Gestel Ollie Wildeman

Peter van Gestel

Ollie Wildeman I (p.126-127)

Het was een steeg met een paar bochten. Toen we een van de bochten omsloegen, had ik op slag spijt van de hele onderneming. Niet ver van ons stond Ollie Wildeman. Hij leunde met zijn brede rug tegen smerige bakstenen.

Ik bleef staan, Zwaan botste tegen mij op.

Ollie Wildeman wierp een goor tennisballetje naar een blinde muur, onverschillig ving hij het teruggekaatste balletje met één hand op en gooide opnieuw. Naast hem stond een onbekende jongen – een hoofd groter was ie dan de toch zeker niet kleine Ollie – en de jongen deed precies hetzelfde met een tennisballetje. Het leek of ze ons niet in de gaten hadden. Ik wist wel beter.

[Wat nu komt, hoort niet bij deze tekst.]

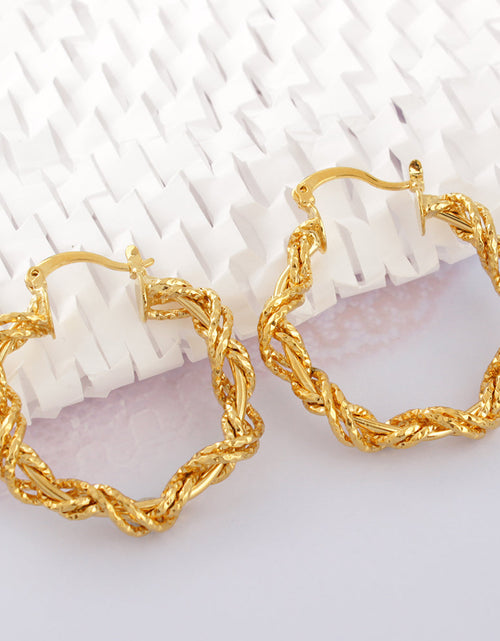 Load image into Gallery viewer, 14K Gold Solid Star Love knot Hoop Earring
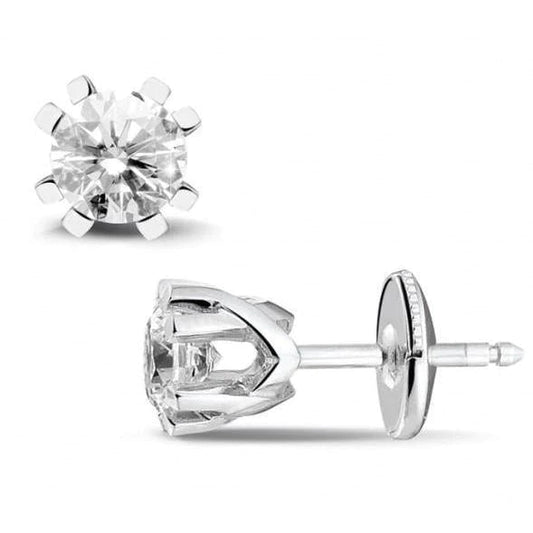 Prong Set Sparkling 3.20 Ct Round Cut Real Diamonds Women Studs Earrings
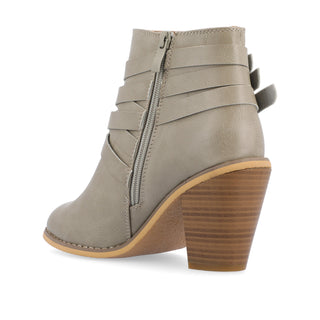 STRAP HEELED BOOTIES IN FAUX LEATHER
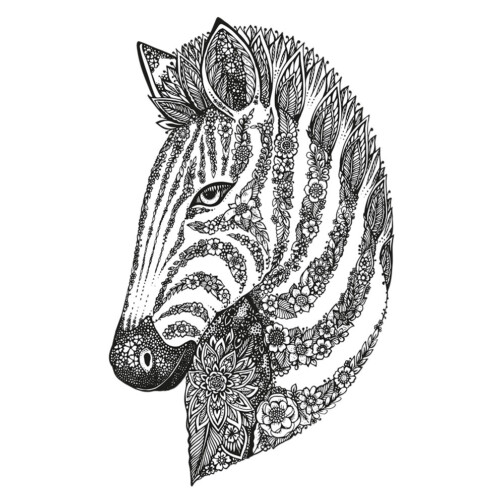 Sticker Boho Dessin De Zebre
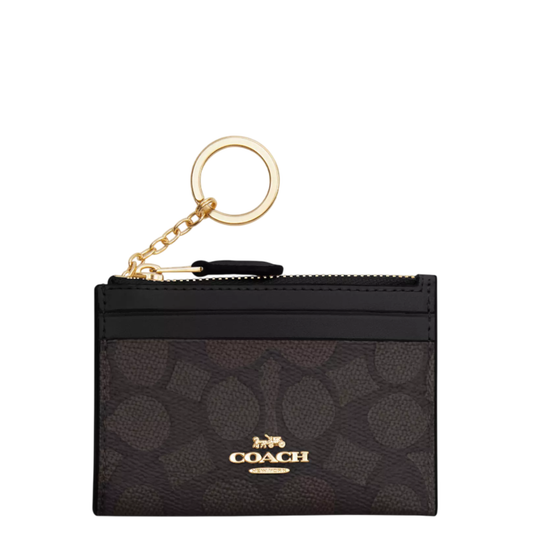 Monedero Coach Mini Skinny Id Case In Signature Canvas Walnut Black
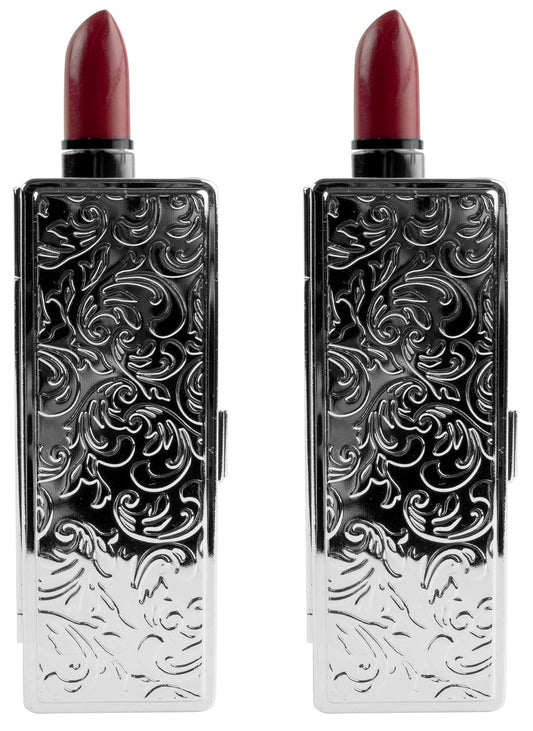 Stephanie Imports Set of 2 Rectangular Vintage Lipstick Cases With Glass Mirror (Silver Victorian) Beauty & Personal Care Stephanie Imports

‘Kom,’ zei ik zacht tegen Zwaan, ‘wegwezen.’

De onbekende jongen liet het balletje vallen, het kreeg een trap van Ollie Wildeman en langzaam rolde het naar ons toe. Zwaan bukte zich en wilde het balletje terugrollen.

‘Afblijven met je jodenpoten,’ zei Ollie Wildeman zonder ons een blik waardig te keuren.

Maar Zwaan had het balletje al een tik gegeven.

Traag raapte Ollie Wildeman het balletje op.

‘Kom hier, Tommie,’ zei hij, ‘dan mag je het balletje schoonlikken.’

Dit had niks te maken met het overbekende gebakkelei rondom de school.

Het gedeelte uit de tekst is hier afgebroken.